En el año 1900 tan solo el 30% de la población latinoamericana vivía en zonas urbanas, mientras que en la actualidad lo hace el 80%, y el 20% vive zonas rurales. Además, aproximadamente, 200 de los 685 millones de personas de la región viven en la pobreza, y más de 60 millones, habita en viviendas inadecuadas, construidas con materiales precarios, y carecen de servicios básicos. A su vez, se estima que el déficit habitacional afecta a 100 millones de personas, según el Banco Interamericano de Desarrollo (BID), en su estudio “Un espacio para el desarrollo: los mercados de la vivienda en América Latina y el Caribe”
¿Cómo algo tan elemental como es la vivienda, que debería ser un derecho humano, puede estar relacionado con la vulnerabilidad, la marginalidad, la desigualdad y la pobreza? Esto no es tan difícil de responder, dado que en la mayoría de los países de la región hay un sector social con altos recursos, frente a otro con bajos recursos, que vive en zonas marginales, lo que genera una segregación que además deriva en otros problemas de desigualdad relativos a la educación, los servicios básicos o la salud, que inciden en la vulnerabilidad de la población afectada.
Los gobiernos de los países latinoamericanos son conscientes de esta problemática, de modo que han activado políticas de viviendas sociales por medio de subsidios, fondos solidarios y programas de transformación de campamentos, muy densificados, en bloques habitables.
Sin embargo, estas medidas no han erradicado la marginalidad ni la vulnerabilidad, debido a que los terrenos que se han urbanizado se han ido desplazando hacia zonas periféricas, aislando a su población, dificultando su acceso a los servicios básicos y acrecentando en consecuencia la brecha de la desigualdad. Por si fuera poco, en estas zonas aumenta la delincuencia, el narcotráfico y la tasa de personas desempleadas, y en ellas se conforma un ambiente de disconformidad y decepción, que se intensifica por la mala calidad de vida en las que se desenvuelve la vida cotidiana de sus residentes, con bajas remuneraciones y que se ven obligados a invertir largas horas para desplazarse desde sus hogares a sus lugares de trabajo.
Así, pese que en 1980 se empezaron a construir edificios en Chile de 1.200 departamentos para intentar mejorar la situación, actualmente estos reciben el nombre de “guetos verticales”. Y es que se trata de departamentos de 30 m2, que están a mitad de camino entre un hogar y una cárcel, que no reciben sol en ningún momento del día y cuyas vistas se topan con otra enorme mole edificada a pocos metros.
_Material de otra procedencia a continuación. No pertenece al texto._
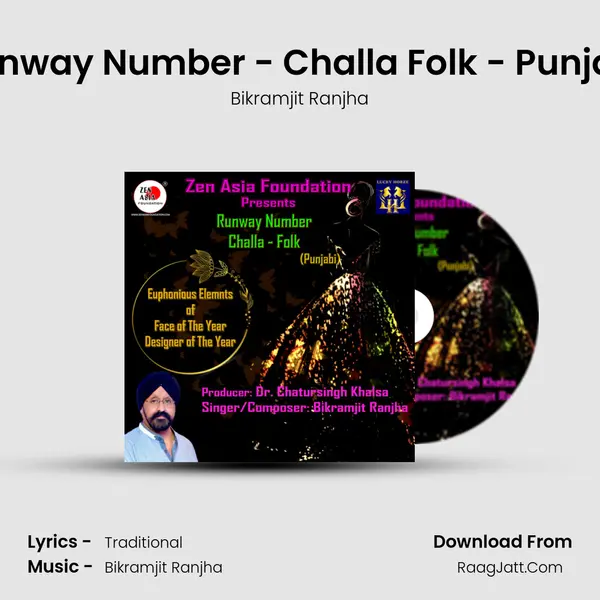 Runway Number - Challa Folk - Punjabi mp3 song
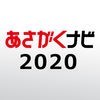 【あさがくナビ2020】新卒向けインタ－ンシップ情報アプリ アイコン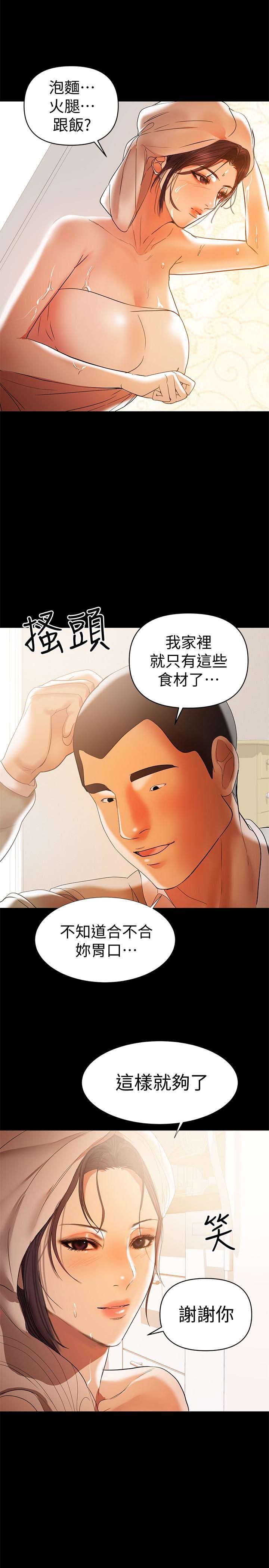 拳皇2000漫画韩漫全集-第16话-我要跟你一起睡无删减无遮挡章节图片 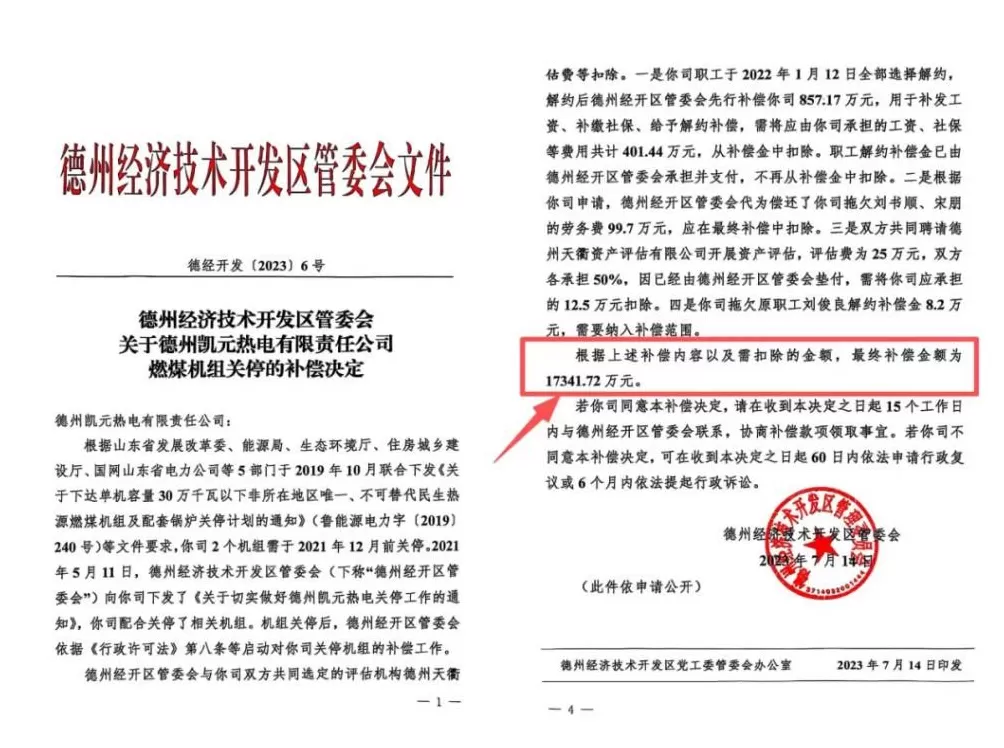 为收回民企独家经营权，山东德州一新区管委会提前3年关掉“免关”热电厂-第32张图片-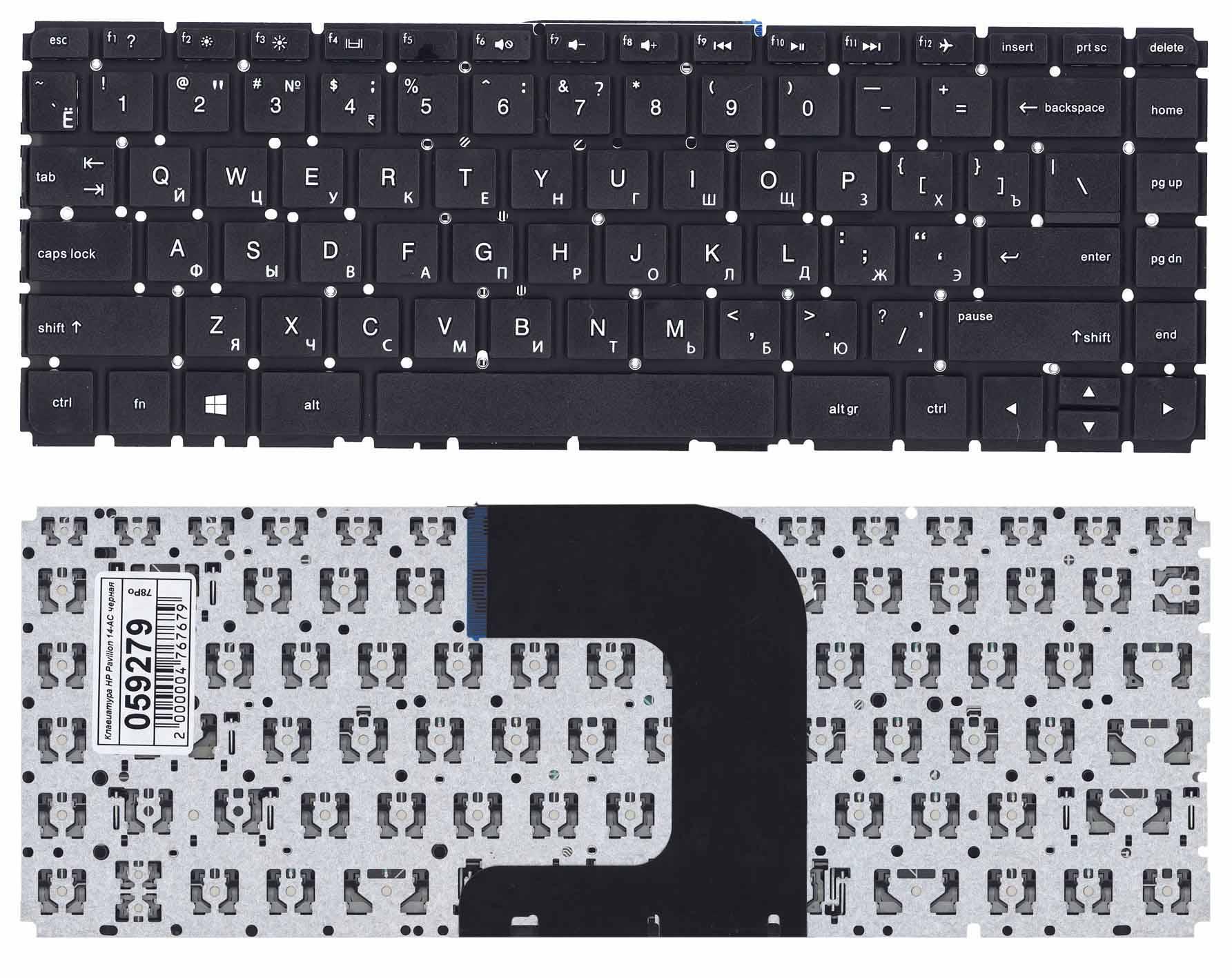 Клавиатура для ноутбука HP Pavilion 14-AC Black
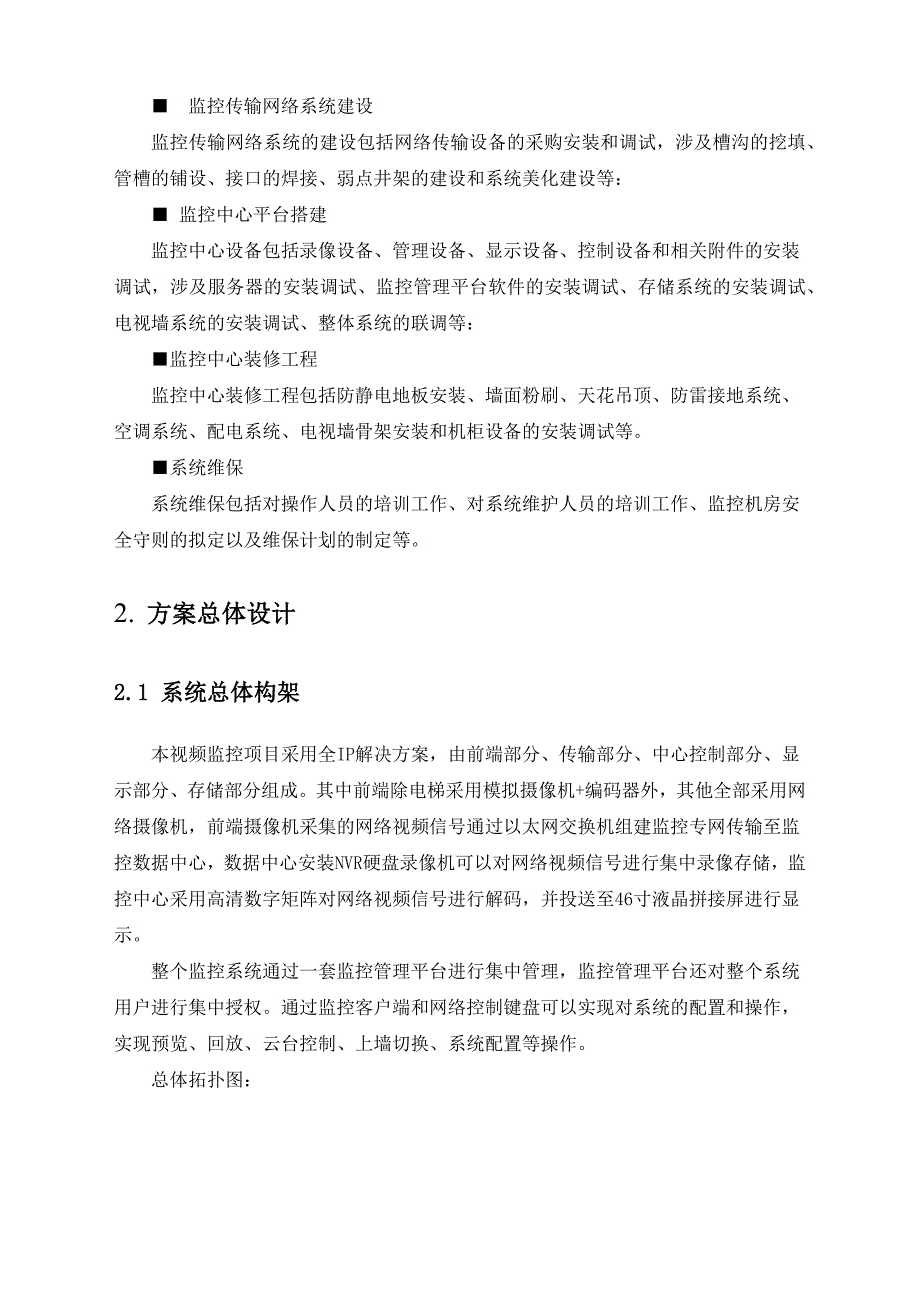 高清网络摄像机+NVR+解码器+软件技术方案_第4页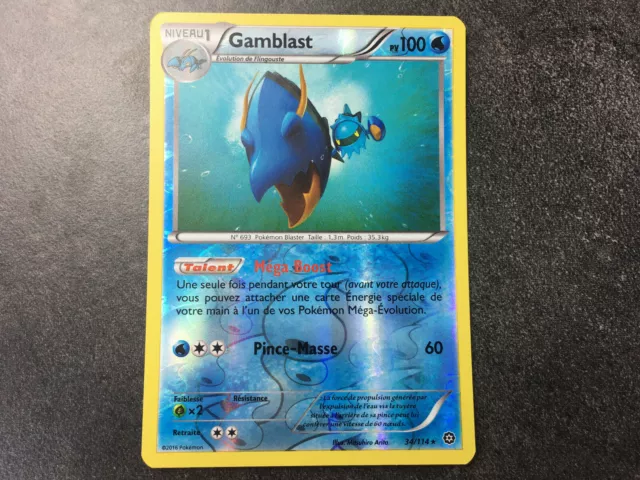 carte pokemon gamblast 34/114 reverse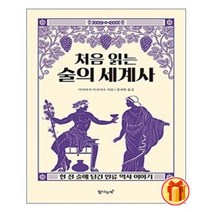 처음 읽는 술의 세계사 | 탐나는책  |안심포장|빠른배송| (전1권)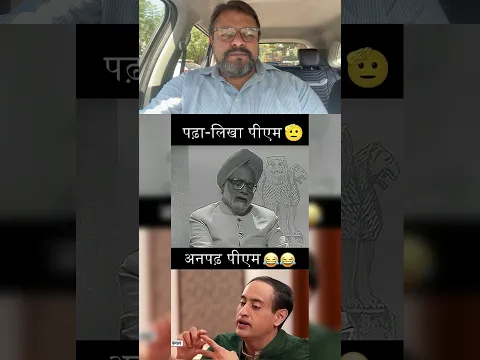 Do alag alag yug ke PM II Farak Saaf Hai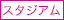割引スタジアム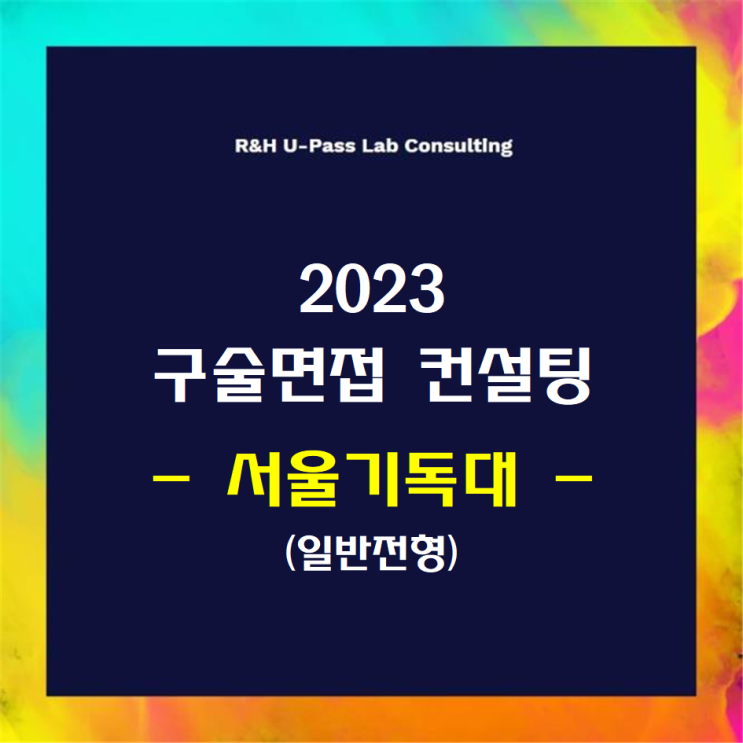  [서울기독대/일반전형] 2023학년도 정시 면접컨설팅 신청 방법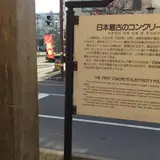 日本最古のコンクリート電柱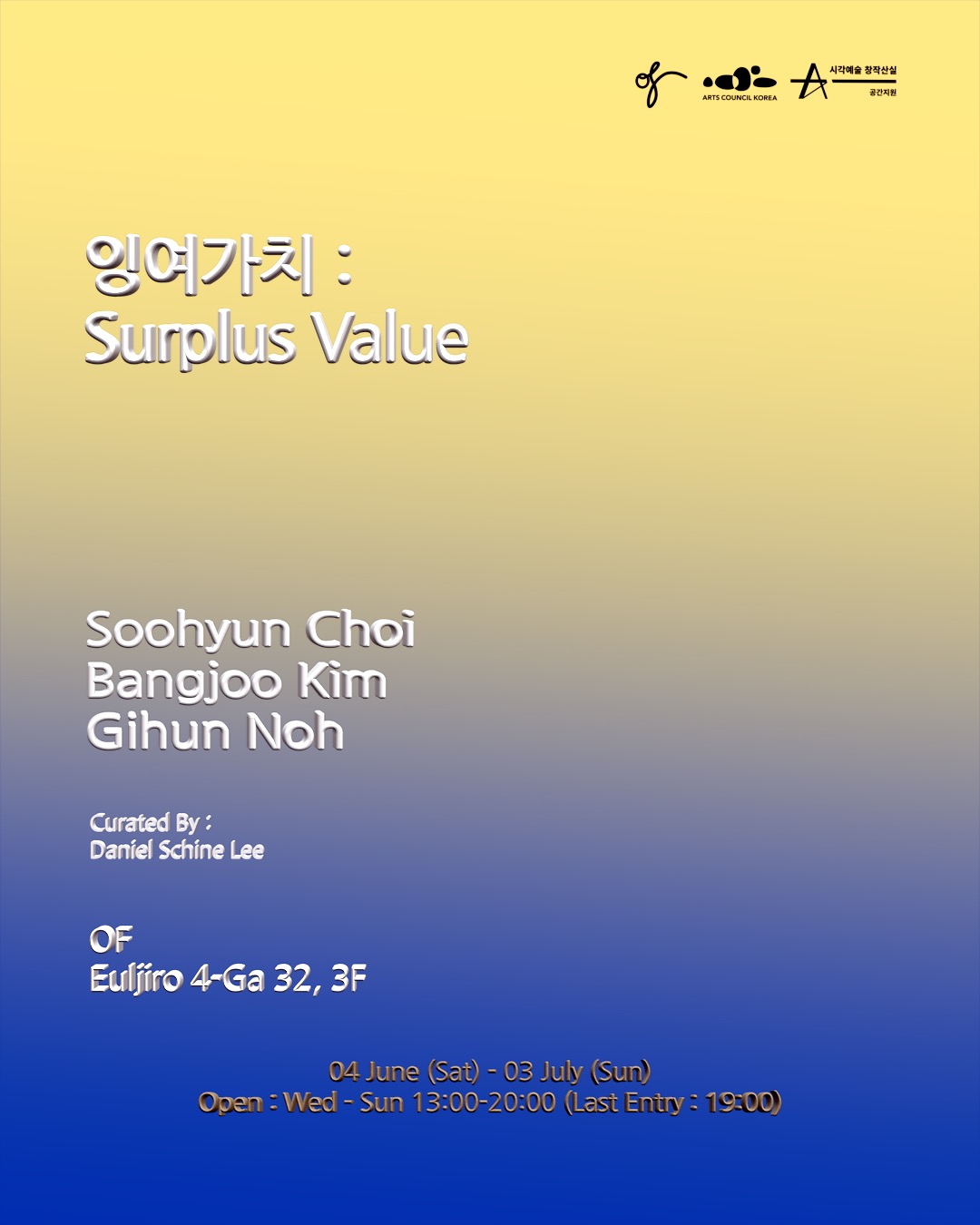 Surplus Value poster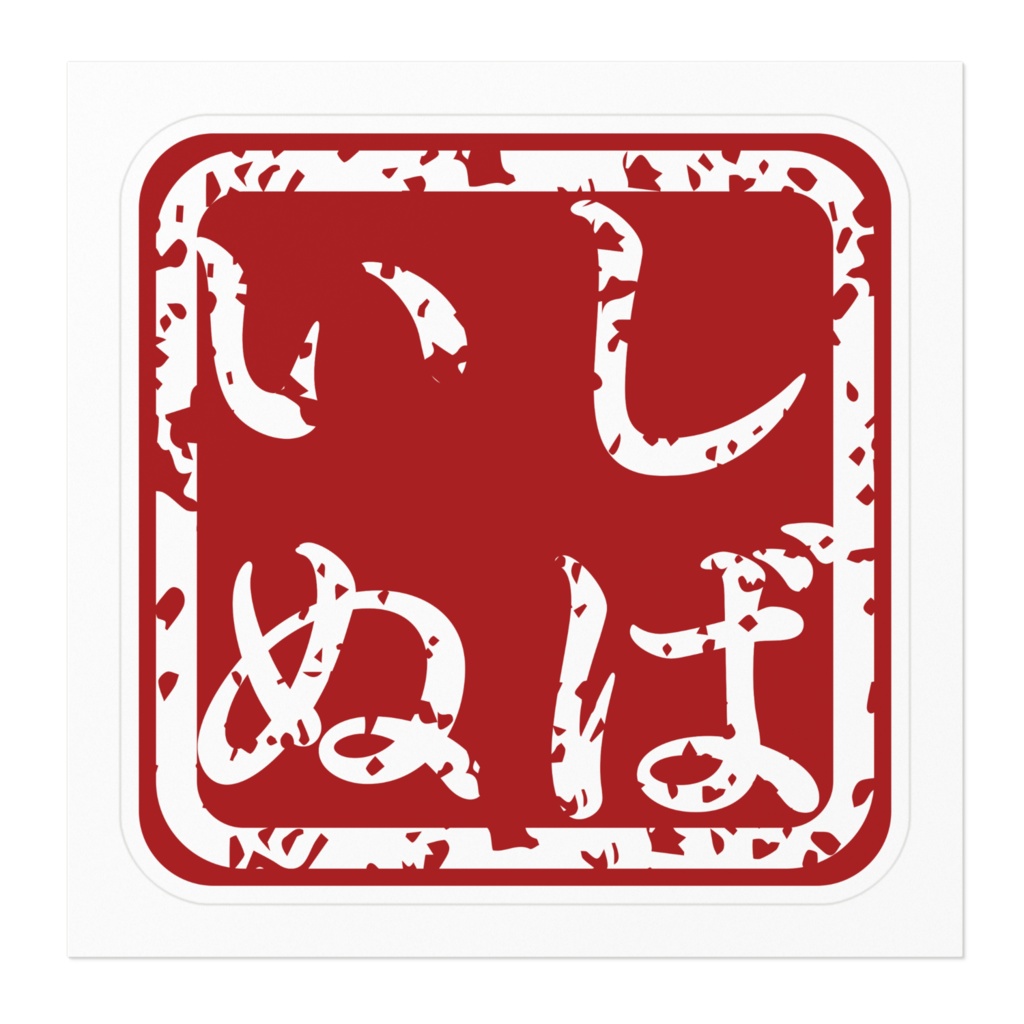 なるわん座限定!ステッカー・しばいぬ(その1)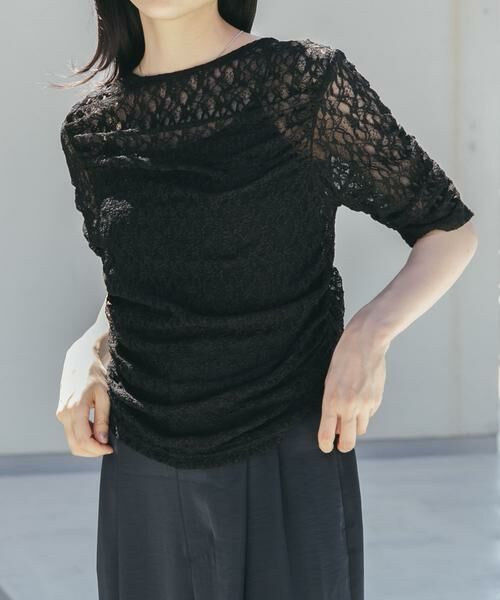 KBF / ケービーエフ Tシャツ | ハーフスリーブドレープレースTEE | 詳細21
En Santiago de Chile, por ejemplo, hay cinco edificios de 5.600 departamentos en un monobloque de una manzana. Es decir, conviven 8.000 personas en una sola hectárea, cuando la densidad promedio es de 79 habitantes por hectárea, y la de todo Santiago, 23 habitantes por hectárea.
Asimismo en México, tras más de una década desde 1990 de construcción y venta de viviendas de bajo costo en la periferia de las grandes ciudades, muchas familias —aun endeudadas— hubieron de abandonar sus casas debido a la falta de servicios, a la mala calidad de las construcciones y a las dificultades para desplazarse; y aquellas que no se fueron enfrentan día a día la inseguridad y la incertidumbre. El problema es grave y la historia se repite en muchos otros países latinoamericanos: se compran viviendas con créditos bancarios, que conllevan una deuda para casi toda la vida, y además las viviendas sociales son sinónimo de mala calidad, y bajos estándares técnicos, esto es, de problemas a futuro.
A escala regional, el escenario no es muy diferente, y el BID calcula que, para reducir el déficit habitacional por medio de programas gubernamentales de desarrollo urbano, se debería más que sextuplicar la inversión en vivienda pública, implicando un gasto de 310.000 millones de dólares, un 7,8% del PIB de la región, algo muy improbable que ocurra .
Una manera de enfrentar esta situación pasa por desregionalizar y descentralizar a la población. Gracias a las capacidades tecnológicas actuales es posible devolver el alma a las regiones, impulsando políticas que combinen vivienda, salud y educación. Además, se pueden inyectar recursos hacia las regiones destinados a generar empleo, fomentar a inversión y desarrollar servicios básicos. La alternativa de las viviendas sociales no solo han de garantizar el acceso a un hogar digno, sino que también deben implicar una buena calidad de vida, de modo que la vivienda deje de ser un factor condicionante de pobreza desde la primera infancia (uno de cada cinco niños es pobre en la región).
Esta nota es una invitación para todos los jóvenes y no tan jóvenes a imaginar y observar este problema con otros ojos: los paradigmas se pueden cambiar y las sociedades han de generar bienestar. Las cartas están sobre la mesa y en nuestras manos está reinventar el juego.